EDITORIAL
Os
bloqueios do Brasil
DIRECÇÃO EDITORIAL
17/04/2016 – PÚBLICO
Quando a
legitimidade política está em causa, não há nada como recorrer ao
voto popular.
Por estes dias, o
Brasil surge aos olhos do mundo dividido, desnorteado e com os três
poderes-base das sociedades democráticas praticamente bloqueados. O
poder legislativo está ferido pela suspeita de corrupção que recai
sobre um número considerável de deputados que se encontram sob
investigação; o judicial perdeu respeito e independência ao
cometer ilegalidades, como fez o juiz Moro, ao divulgar escutas
telefónicas não autorizadas, ou o juiz Catta Preta, ao vir para a
rua manifestar-se a favor da destituição de Dilma Roussef, apesar
de ser directamente responsável por decisões judiciais relacionadas
com a acção da Presidente; e, finalmente, o poder executivo cujo
descrédito atingiu o ponto de não retorno no momento em que Dilma
anunciou a nomeação do seu antecessor, Lula da Silva, para ministro
da Casa Civil.
Como é sabido, isto
aconteceu no auge do cerco da Justiça ao ex-Presidente e a decisão
de Dilma foi entendida como uma forma de subtrair Lula da alçada do
juiz responsável pela operação Lava-Jato – o que efectivamente
aconteceu, visto que, ao entrar para o Governo, Lula passou a ter
foro privilegiado, o que significa só poder ser julgado pelo Supremo
Tribunal.
Perante um cenário
em que, na realidade, está tudo em causa nas várias instâncias do
edifício constitucional brasileiro, não se vê como vai o país
aceitar uma decisão sobre a destituição da Presidente, seja ela a
favor ou contra. Fracturada como está, uma parte da sociedade
brasileira não vai sentir-se representada no sentido de voto da
Câmara de Deputados e tenderá sempre a contestá-lo – o que pode
afectar a paz social e a consequente capacidade de as instituições
encontrarem soluções justas para os enormes problemas que afectam o
Brasil.
A quebra de
confiança nas instituições e nos protagonistas políticos está a
potenciar uma crise de legitimidade que está no centro deste
bloqueio político e que ameaça transformar-se em perigoso bloqueio
social.
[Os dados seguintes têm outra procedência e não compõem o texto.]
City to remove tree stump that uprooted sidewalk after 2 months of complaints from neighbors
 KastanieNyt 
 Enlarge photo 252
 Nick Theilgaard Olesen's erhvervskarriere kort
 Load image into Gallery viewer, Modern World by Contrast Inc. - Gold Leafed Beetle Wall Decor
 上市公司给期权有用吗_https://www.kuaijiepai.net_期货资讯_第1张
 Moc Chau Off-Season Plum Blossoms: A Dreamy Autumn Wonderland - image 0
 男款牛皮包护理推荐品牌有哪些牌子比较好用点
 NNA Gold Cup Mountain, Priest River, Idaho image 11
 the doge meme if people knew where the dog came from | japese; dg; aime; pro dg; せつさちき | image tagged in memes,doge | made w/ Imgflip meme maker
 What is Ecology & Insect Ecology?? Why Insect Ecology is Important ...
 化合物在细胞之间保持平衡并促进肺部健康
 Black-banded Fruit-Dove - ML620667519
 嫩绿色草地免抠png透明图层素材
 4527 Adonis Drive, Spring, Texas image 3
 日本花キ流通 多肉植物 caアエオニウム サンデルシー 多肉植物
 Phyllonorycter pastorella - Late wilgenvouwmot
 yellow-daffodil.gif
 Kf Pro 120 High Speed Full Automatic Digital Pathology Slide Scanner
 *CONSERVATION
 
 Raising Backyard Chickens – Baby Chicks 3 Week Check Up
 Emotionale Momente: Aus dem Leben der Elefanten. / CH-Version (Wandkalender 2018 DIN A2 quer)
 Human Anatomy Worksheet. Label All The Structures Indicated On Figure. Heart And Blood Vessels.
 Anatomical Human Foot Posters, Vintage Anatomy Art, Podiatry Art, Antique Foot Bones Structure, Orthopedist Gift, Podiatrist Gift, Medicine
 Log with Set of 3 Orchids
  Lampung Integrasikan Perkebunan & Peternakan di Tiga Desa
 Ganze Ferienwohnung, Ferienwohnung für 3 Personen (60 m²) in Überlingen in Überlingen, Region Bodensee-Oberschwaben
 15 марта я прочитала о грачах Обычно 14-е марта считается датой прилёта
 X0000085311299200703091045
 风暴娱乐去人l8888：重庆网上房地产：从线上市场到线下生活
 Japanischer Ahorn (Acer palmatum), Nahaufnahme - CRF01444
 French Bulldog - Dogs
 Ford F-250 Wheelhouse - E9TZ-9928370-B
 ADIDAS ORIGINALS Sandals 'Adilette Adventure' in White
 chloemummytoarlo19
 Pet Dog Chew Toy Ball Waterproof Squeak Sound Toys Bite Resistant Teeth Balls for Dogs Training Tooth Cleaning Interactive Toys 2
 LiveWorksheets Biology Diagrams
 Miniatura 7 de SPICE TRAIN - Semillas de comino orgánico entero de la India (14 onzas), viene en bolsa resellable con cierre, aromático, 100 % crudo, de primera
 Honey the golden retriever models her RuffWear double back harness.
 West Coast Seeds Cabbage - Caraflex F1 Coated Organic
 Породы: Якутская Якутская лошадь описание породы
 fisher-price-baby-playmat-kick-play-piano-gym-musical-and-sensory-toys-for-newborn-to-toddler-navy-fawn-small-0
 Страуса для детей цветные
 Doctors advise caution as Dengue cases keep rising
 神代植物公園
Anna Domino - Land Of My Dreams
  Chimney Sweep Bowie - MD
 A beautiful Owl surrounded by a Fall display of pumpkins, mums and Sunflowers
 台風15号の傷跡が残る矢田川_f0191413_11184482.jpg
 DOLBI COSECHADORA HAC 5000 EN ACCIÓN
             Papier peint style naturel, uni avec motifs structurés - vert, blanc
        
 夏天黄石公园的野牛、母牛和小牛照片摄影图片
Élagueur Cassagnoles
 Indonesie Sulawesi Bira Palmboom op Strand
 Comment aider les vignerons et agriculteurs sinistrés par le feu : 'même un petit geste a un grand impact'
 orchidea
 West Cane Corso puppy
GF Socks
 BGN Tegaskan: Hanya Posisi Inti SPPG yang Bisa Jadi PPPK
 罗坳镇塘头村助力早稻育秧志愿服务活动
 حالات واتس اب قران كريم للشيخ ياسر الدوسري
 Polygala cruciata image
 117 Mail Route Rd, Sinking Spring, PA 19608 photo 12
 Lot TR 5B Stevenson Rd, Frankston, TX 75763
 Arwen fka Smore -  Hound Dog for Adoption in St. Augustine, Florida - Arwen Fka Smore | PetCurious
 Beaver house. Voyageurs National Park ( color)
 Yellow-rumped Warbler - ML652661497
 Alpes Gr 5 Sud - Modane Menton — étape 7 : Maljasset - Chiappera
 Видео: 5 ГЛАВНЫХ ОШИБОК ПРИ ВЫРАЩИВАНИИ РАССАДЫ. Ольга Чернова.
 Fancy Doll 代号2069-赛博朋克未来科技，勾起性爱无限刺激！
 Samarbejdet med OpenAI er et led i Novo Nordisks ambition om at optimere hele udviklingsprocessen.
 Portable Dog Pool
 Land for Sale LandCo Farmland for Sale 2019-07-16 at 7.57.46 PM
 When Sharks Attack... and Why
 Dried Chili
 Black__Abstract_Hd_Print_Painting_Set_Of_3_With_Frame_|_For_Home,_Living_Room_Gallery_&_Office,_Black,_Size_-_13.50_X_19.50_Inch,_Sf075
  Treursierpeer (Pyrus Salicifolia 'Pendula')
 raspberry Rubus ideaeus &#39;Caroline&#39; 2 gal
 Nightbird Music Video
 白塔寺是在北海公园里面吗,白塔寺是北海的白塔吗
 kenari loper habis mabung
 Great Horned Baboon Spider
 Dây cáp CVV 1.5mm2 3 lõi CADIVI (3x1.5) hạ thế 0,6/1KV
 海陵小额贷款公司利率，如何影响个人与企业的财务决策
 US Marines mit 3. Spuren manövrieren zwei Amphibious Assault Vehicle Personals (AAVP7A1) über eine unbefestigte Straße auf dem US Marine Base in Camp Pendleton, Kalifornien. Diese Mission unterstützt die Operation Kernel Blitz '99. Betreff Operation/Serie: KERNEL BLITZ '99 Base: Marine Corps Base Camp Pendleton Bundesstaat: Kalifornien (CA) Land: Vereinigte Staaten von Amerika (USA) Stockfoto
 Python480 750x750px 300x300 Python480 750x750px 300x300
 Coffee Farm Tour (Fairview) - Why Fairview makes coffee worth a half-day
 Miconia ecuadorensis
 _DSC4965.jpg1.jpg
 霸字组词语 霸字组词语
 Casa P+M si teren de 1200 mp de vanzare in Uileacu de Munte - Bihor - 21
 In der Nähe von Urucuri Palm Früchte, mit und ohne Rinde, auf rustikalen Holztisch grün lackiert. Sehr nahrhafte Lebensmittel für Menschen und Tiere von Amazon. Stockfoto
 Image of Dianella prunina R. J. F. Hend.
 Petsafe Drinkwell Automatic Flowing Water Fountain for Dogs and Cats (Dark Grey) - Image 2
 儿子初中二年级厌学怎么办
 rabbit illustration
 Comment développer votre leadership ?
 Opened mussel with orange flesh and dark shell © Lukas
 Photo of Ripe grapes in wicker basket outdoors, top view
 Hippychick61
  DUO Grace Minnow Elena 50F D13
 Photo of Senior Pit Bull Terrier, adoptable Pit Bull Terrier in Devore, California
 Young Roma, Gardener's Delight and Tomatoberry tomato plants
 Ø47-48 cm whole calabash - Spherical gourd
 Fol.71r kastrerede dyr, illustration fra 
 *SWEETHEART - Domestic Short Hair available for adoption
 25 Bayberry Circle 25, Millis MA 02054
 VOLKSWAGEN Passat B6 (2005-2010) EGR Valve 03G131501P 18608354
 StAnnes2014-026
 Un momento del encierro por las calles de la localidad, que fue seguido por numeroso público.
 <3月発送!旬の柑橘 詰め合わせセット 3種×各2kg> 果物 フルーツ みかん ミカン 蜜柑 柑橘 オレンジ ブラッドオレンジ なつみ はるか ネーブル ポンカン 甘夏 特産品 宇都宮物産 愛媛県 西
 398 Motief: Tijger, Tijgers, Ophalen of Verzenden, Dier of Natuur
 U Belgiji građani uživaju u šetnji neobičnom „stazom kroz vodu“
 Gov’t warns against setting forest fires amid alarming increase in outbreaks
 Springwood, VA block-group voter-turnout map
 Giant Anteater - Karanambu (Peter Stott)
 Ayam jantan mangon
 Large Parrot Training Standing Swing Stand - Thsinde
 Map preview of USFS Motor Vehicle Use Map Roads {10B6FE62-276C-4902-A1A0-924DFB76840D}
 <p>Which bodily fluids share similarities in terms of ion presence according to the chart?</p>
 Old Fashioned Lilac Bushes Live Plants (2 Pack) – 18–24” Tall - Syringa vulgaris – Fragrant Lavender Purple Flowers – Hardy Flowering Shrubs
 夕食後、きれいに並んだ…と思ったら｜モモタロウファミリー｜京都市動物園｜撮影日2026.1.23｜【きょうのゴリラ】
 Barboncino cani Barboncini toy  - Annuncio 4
Ora, quando isto acontece, não há nada como ir directamente
ao voto popular, fonte primordial de legitimidade, colher o
suplemento de autoridade política em falta. Mas não é fácil
convocar eleições presidenciais no Brasil. Aliás, o sistema
político do país é um anacronismo intrincado de legislação capaz
de surpreender os mais experimentados constitucionalistas. Permite,
por exemplo, que deputados sob investigação ou mesmo já
constituídos arguidos em processos de corrupção, lavagem de
dinheiro, tortura ou exploração de mão-de-obra escrava (e mais de
60% dos membros do Congresso estão nesta situação) avaliem a
conduta da Presidente, isentando assim o mandato desses deputados de
qualquer reserva política ou mesmo ética. A convivência do sistema
com este relativismo ético talvez explique as dificuldades de
recorrer aos processos de legitimação. E daí que as eleições não
sejam o primeiro argumento, quando se trata de desbloquear uma
situação política em que os três pilares do Estado democrático
estão sob suspeita. Como acontece no Brasil.